++++ Data ++++
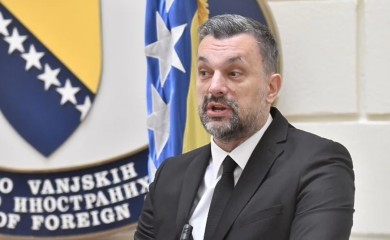 KONAKOVIĆ: Sa Mađarskom nemamo otvorenih pitanja, zainteresovani smo za saradnju u energetici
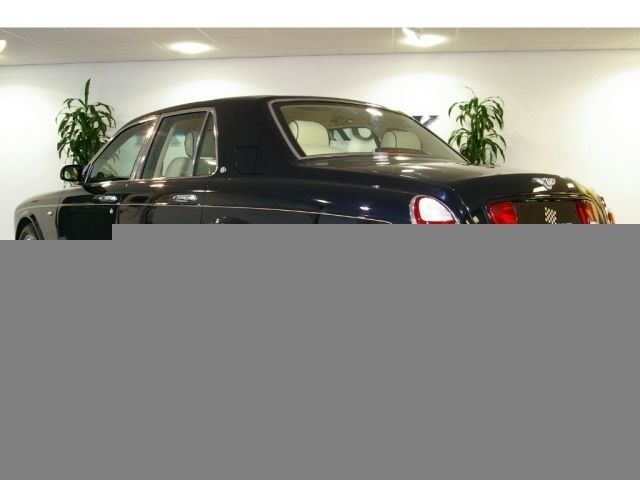Used 2006 Bentley Arnage Sedan | £47,980 - Image 1/1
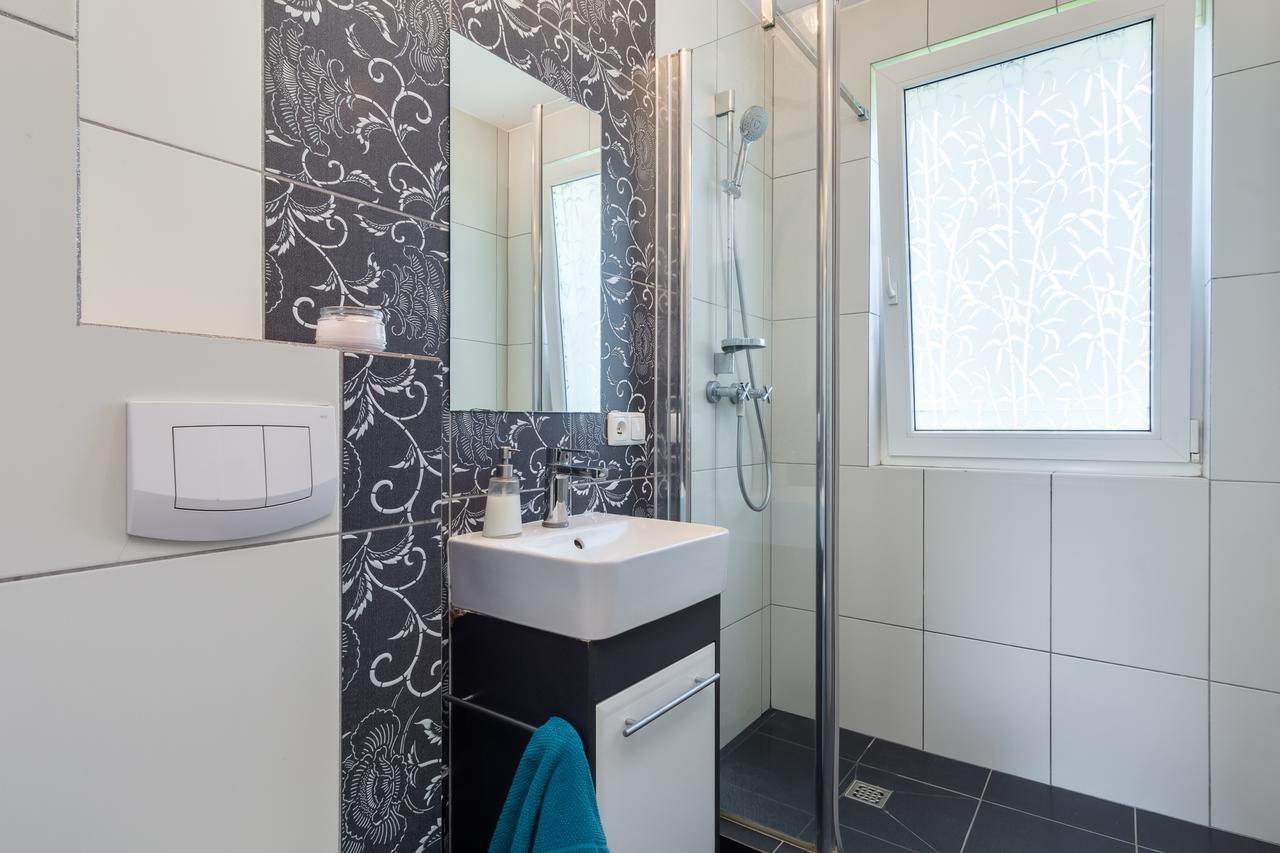 Elite Apartments Sopot City Center Eksteriør billede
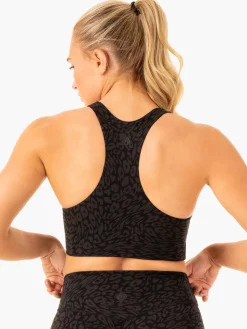 Women Ryderwear Sports Bras | Rotation port Bra
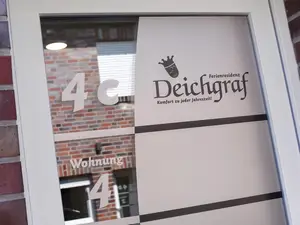 Ferienhaus für 7 Personen (106 m²) in Neuharlingersiel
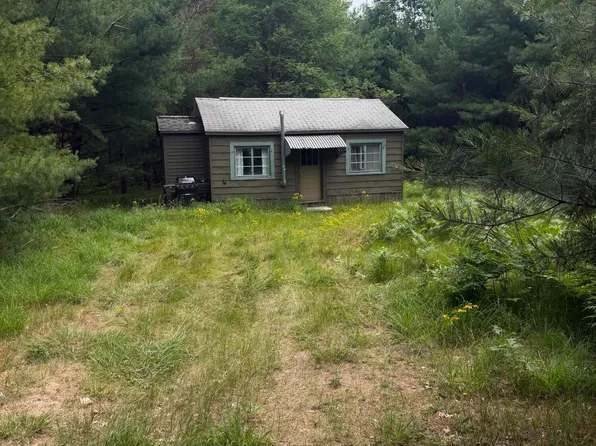 5286 N Twin Creek Rd, Luther, MI 49656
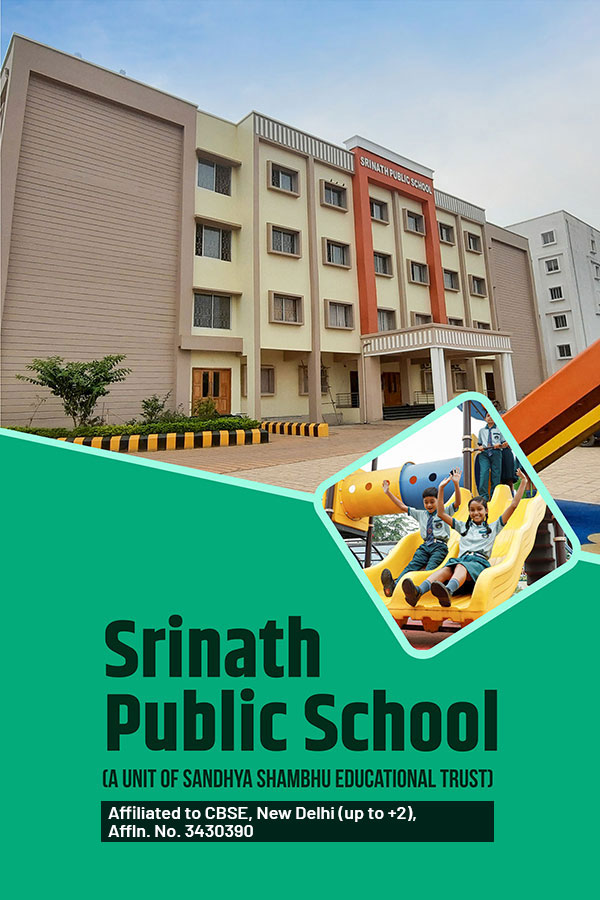 Srinath Public School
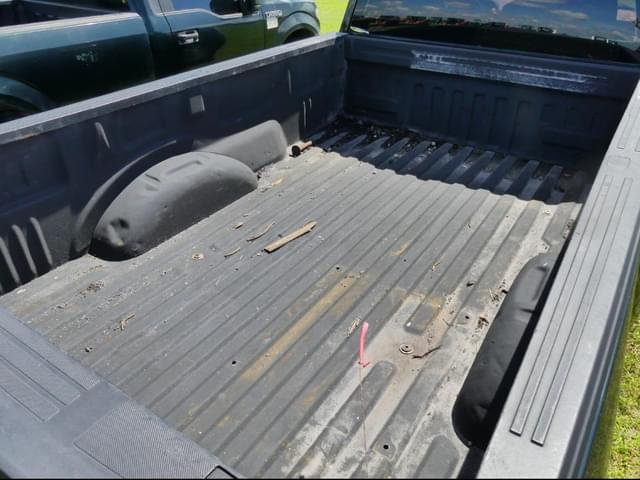 Image of Ford F-150 equipment image 4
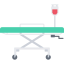 Stretcher 图标 64x64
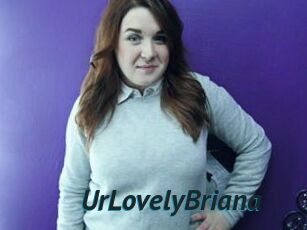UrLovelyBriana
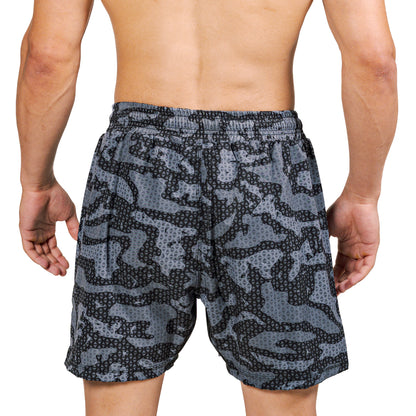 HAVOC Fight Shorts – CAM'ON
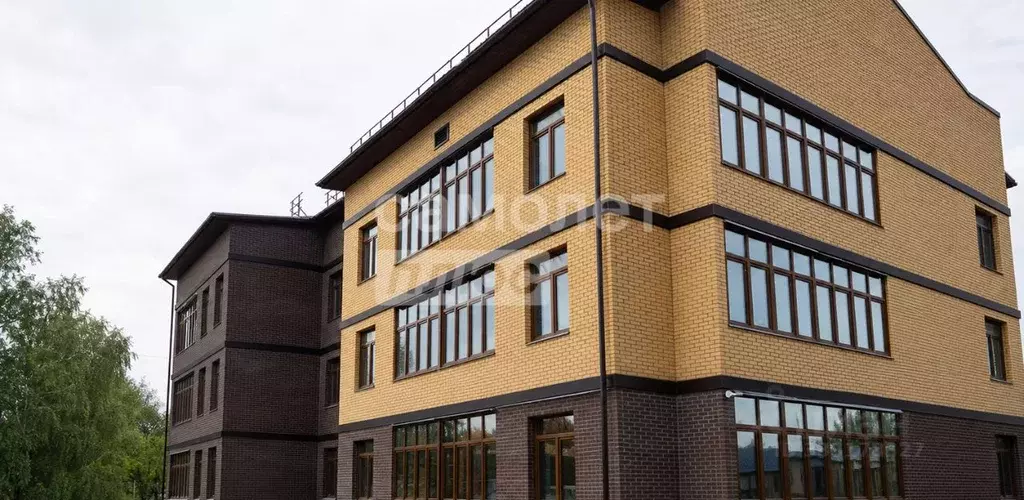 Студия Московская область, Раменское ул. Загородная, к11 (22.7 м) - Фото 1
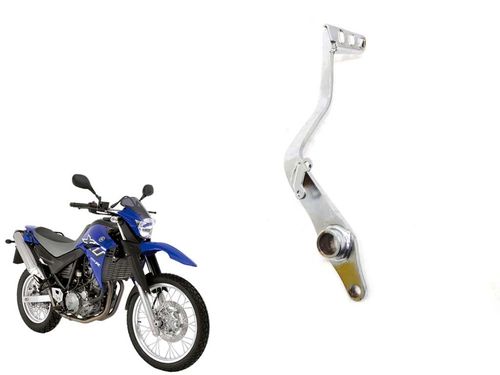 Pedal Freio Yamaha Xt 660 10-1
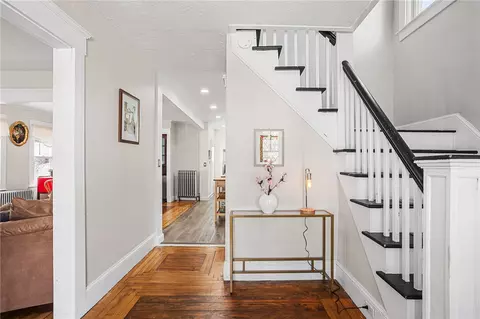 Entry Way - 32 5th Ave, Woonsocket, RI 02895 photo 1 of 1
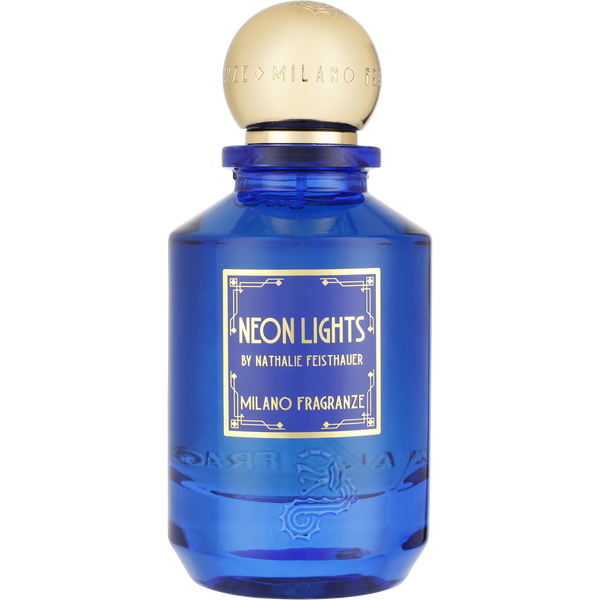 Milano Fragranze Neon Lights by Milano Fragranze, Eau De Parfum Spray 3.4 oz, image 2 of 2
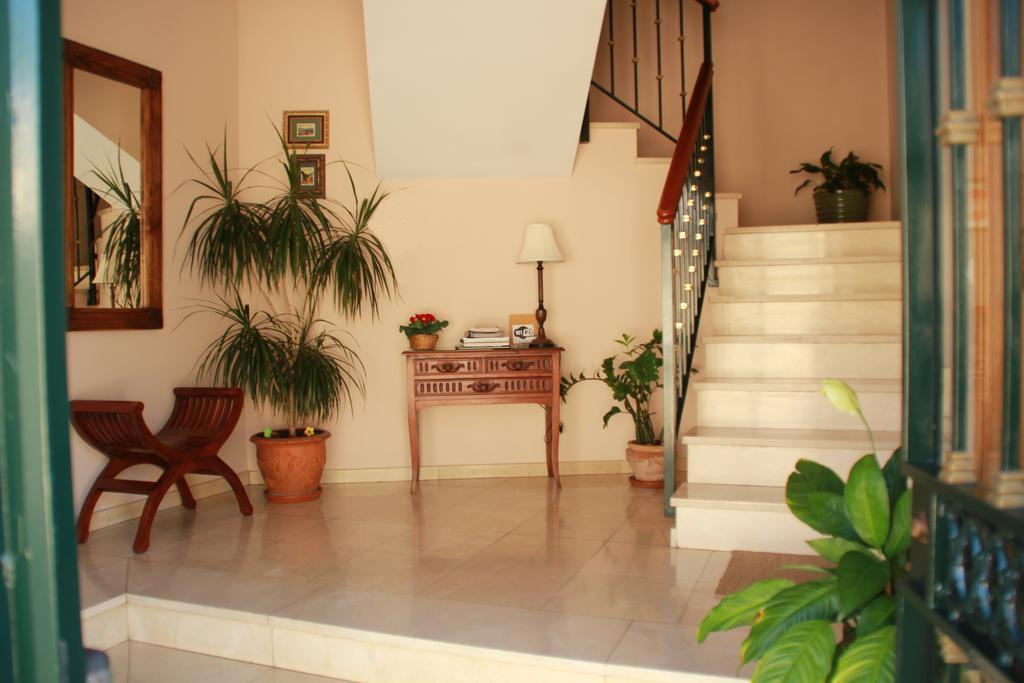 Flores Torremolinos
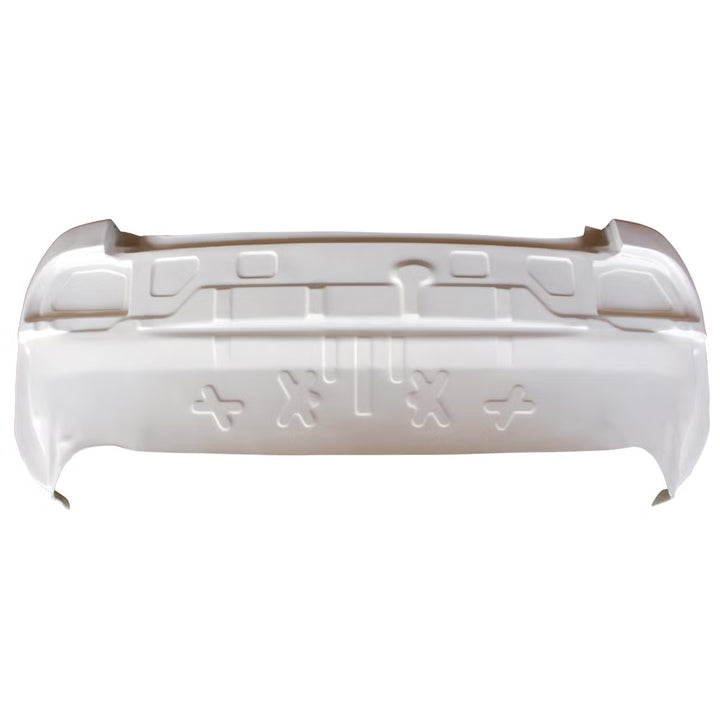 Origin | Rear Panel Clamshell Full Set (OEM Shape) for Nissan 180SX (240SX S13 Hatch)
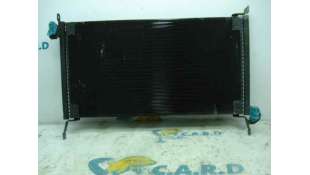 CONDENSADOR / RADIADOR AIRE ACONDICIONADO FIAT BRAVA 1.6 16V (103 CV) DE 1995 - D.2958918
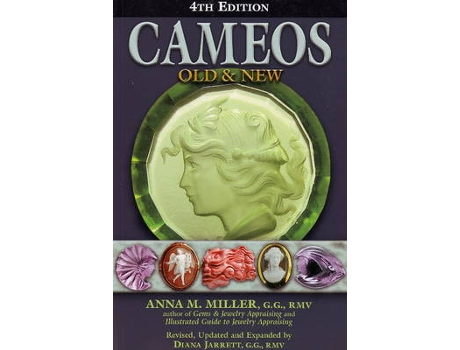 Livro cameos old & new (4th edition) de anna m. miller (inglês)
++++
### [What is needed]
Would you write out each entry word for word and omit the images?

### [Response area]
 KONAKOVIĆ: Sa Mađarskom nemamo otvorenih pitanja, zainteresovani smo za saradnju u energetici
Used 2006 Bentley Arnage Sedan | £47,980 - Image 1/1
 Elite Apartments Sopot City Center Eksteriør billede
 Women Ryderwear Sports Bras | Rotation port Bra
 Ferienhaus für 7 Personen (106 m²) in Neuharlingersiel
 5286 N Twin Creek Rd, Luther, MI 49656
 Srinath Public School
 Image of Ford F-150 equipment image 4
 Stretcher 图标 64x64
UrLovelyBriana
 HAVOC Fight Shorts – CAM'ON
 Студия Московская область, Раменское ул. Загородная, к11 (22.7 м) - Фото 1
 Pedal Freio Yamaha Xt 660 10-1
 Entry Way - 32 5th Ave, Woonsocket, RI 02895 photo 1 of 1
 Milano Fragranze Neon Lights by Milano Fragranze, Eau De Parfum Spray 3.4 oz, image 2 of 2
 Flores Torremolinos
 Origin | Rear Panel Clamshell Full Set (OEM Shape) for Nissan 180SX (240SX S13 Hatch)
 CONDENSADOR / RADIADOR AIRE ACONDICIONADO FIAT BRAVA 1.6 16V (103 CV) DE 1995 - D.2958918
 Livro cameos old & new (4th edition) de anna m. miller (inglês)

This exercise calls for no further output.